O aditamento será feito na próxima segunda-feira, 7, ao processo que tramita na Câmara dos Deputados e aguarda a instalação da comissão especial. Segundo Caiado, o aditamento é possível porque ainda não houve a defesa prévia da petista.

A oposição pretende mostrar que houve ingerência da presidente Dilma nas investigações da Operação Lava Jato e que isso a impede de seguir na presidência da República. Também será solicitado ao Tribunal Superior Eleitoral (TSE) o compartilhamento das informações da delação para que sejam anexadas ao processo que pode culminar com a cassação da chapa presidencial de Dilma e Michel Temer.

Ao final da reunião, Aécio disse que, se confirmada as informações delatadas por Delcídio, ficará configurado que o País vive o momento mais grave de "toda crise moral" que se arrasta nos últimos meses. "O Brasil hoje está frente ao momento mais grave dessas denúncias. Se confirmadas, a presidente Dilma Rousseff não tem mais condições de continuar governando o País", afirmou o tucano.

O dirigente tucano disse que seria uma "omissão imperdoável" das oposições não permitir que a comissão do impeachment e o plenário da Câmara não analisem as informações de Delcídio. "É algo extremamente grave e não tenho visto até agora, por parte do governo, uma condenação tão enfática que nos leve a perceber que essas denúncias não sejam verdadeiras", completou Aécio.

Cunha. Questionado se o presidente da Câmara, Eduardo Cunha (PMDB-RJ), tem condições de conduzir um processo de cassação de Dilma após se tornar réu na Lava Jato, Aécio argumentou que a decisão não cabe ao peemedebista porque é um assunto da instituição Câmara dos Deputados. Para Aécio, seria um "absurdo" se as questões envolvendo Cunha impedissem a Casa de cumprir sua prerrogativa de dar sequência no processo de impeachment.

"Seria melhor para todos o afastamento do presidente (Cunha). Mas lembro a vocês que quem preside esse processo não é o presidente da Câmara, é o presidente eleito pelo colegiado para presidir a comissão processante", declarou.
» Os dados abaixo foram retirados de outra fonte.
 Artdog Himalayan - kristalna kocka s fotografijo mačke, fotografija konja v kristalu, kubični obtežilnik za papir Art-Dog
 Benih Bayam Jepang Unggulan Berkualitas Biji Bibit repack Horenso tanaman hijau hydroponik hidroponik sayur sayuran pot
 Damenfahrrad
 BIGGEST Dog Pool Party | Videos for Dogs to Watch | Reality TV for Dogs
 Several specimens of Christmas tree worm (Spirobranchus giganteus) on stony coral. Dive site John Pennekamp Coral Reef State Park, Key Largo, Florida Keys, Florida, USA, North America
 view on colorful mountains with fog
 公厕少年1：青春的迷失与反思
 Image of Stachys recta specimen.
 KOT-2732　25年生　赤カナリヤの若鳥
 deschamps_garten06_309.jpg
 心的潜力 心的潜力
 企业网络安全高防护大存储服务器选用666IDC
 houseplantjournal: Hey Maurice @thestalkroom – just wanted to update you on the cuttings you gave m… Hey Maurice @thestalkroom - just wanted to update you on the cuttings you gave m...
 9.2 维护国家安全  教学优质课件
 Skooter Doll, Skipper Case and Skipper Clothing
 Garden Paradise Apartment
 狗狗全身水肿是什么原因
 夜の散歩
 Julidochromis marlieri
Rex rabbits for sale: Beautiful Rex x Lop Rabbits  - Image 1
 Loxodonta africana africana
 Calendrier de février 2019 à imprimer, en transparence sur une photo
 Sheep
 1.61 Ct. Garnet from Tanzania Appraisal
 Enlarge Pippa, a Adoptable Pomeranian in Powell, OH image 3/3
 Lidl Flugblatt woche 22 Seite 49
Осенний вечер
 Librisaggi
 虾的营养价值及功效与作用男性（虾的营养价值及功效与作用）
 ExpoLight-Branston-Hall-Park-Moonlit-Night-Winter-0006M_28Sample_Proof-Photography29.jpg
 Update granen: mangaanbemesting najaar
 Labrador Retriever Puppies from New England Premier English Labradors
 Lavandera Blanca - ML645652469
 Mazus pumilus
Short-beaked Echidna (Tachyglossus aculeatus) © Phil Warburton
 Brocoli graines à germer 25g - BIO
Renúncia. Após anunciar o aditamento, Aécio pediu a renúncia de Dilma em discurso em plenário. "Será que não está no momento da presidente, em um gesto de grandeza, pensando não no seu partido mas no seu País, renunciar ao mandato de presidente da República?", indagou.

Segundo o senador, a partir desta renúncia, o País poderia passar por uma transição e resgate da economia. "Para que a partir deste gesto, nós possamos iniciar uma grande agenda de retomada da confiança, dos investimentos e dos empregos para os brasileiros", afirmou.